You can freely use, modify, distribute Harvester under Apache License-2.0 without worrying about the use of your software: personal, internal or commercial.
Currently, Harvester is being developed by the motivated contributors from all over the world.
Harvester's name was coming from the great Flemish painter, Pieter Bruegel the Elder's painting so-called "The Harvesters". Harvesters harvest a crop every season that has been fully grown and the harvested crop is passed to the consumers. On the other hand, image acquisition libraries acquire images as their crop and the images are passed to the following processes.

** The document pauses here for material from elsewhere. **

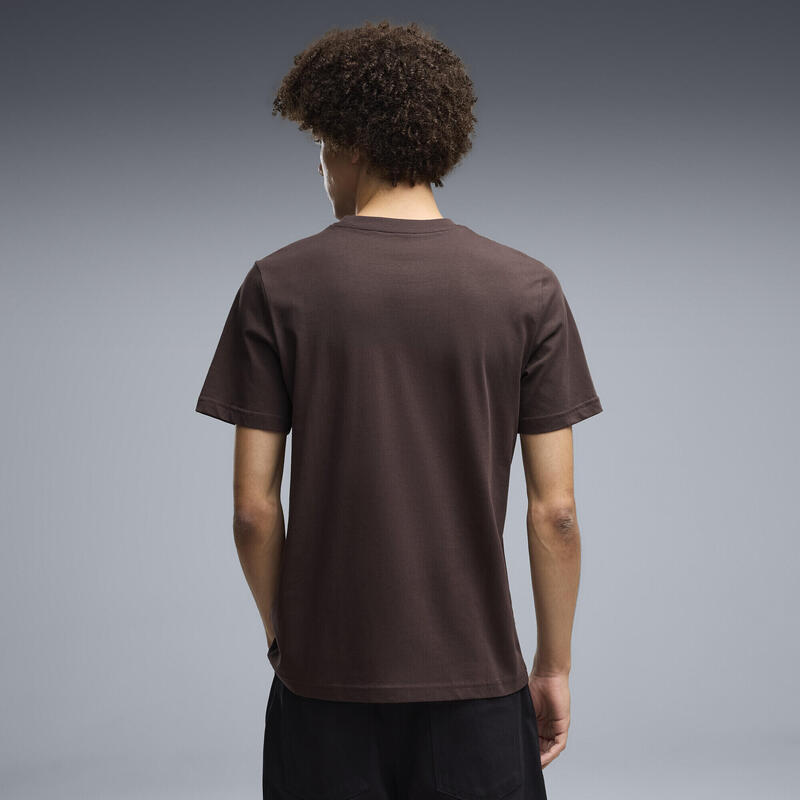 Tricou fitness bărbați logo guler rotund Ess No. 1 Logo Tee S, albastru PUMA
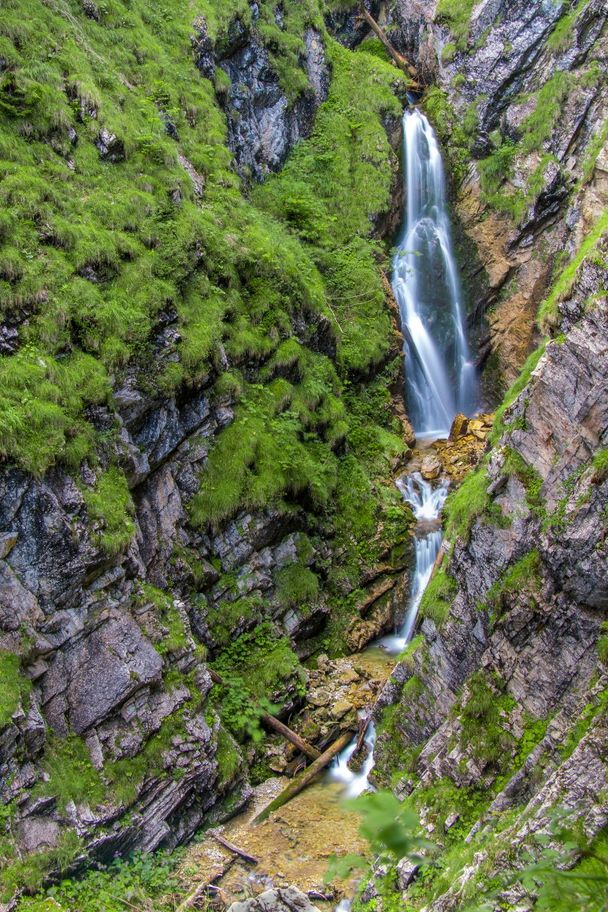 Wasserfall in der Reichenbachklamm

We found the similarity between them and decided to name our library Harvester.
Apart from anything else, we love its peaceful and friendly name. We hope you also like it ;-)
Pieter Bruegel the Elder, The Harvesters, 1565, (c) 2000–2018 The Metropolitan Museum of Art
We have prepared a chat room in Gitter. Please don't hesitate to drop your message when you get a question regarding Harvester!
https://gitter.im/genicam-harvester/chatroom
- GitHub: This is the main repository of Harvester
- PyPI: This is the package distribution page of Harvester which is located in PyPI
- Read the Docs: You can find the API reference of Harvester Core and Harvester GUI
So far, Harvester has tested GenTL Producers and GenICam compliant devices from the following companies and they gave Harvester opportunities to improve its quality:
| Company Name | CoaXPress | GigE Vision | USB3 Vision | Cameras |
|---|---|---|---|---|
| Active Silicon | Tested | - | - | N/A |
| Adimec | N/A | N/A | N/A | Tested |
| Allied Vision | - | - | - | - |
| Automation Technology | N/A | N/A | N/A | Tested |
| Basler | N/A | N/A | N/A | Tested |
| Baumer Optronic | N/A | Tested | Tested | Tested |
| DAHENG VISION | N/A | - | Tested | Tested |
| Euresys | Tested | - | - | N/A |
| FLIR | N/A | N/A | N/A | Tested |
| Gardasoft | N/A | N/A | N/A | Tested |
| JAI | - | - | Tested | - |
| Lucid Vision Labs | N/A | - | N/A | - |
| MATRIX VISION | N/A | Tested | Tested | - |
| OMRON SENTECH | - | - | Tested | Tested |
| PCO | N/A | N/A | N/A | - |
| Roboception | N/A | N/A | N/A | Tested |
| SICK | N/A | - | N/A | - |
| Silicon Software | - | - | - | N/A |
| STEMMER IMAGING | - | Tested | Tested | N/A |
| Vieworks | - | - | - | - |
| XIMEA | - | - | - | - |
Please don't hesitate to tell us if you have tested Harvester with your GenTL Producer or GenICam compliant device. We will add your company/organization name to the list.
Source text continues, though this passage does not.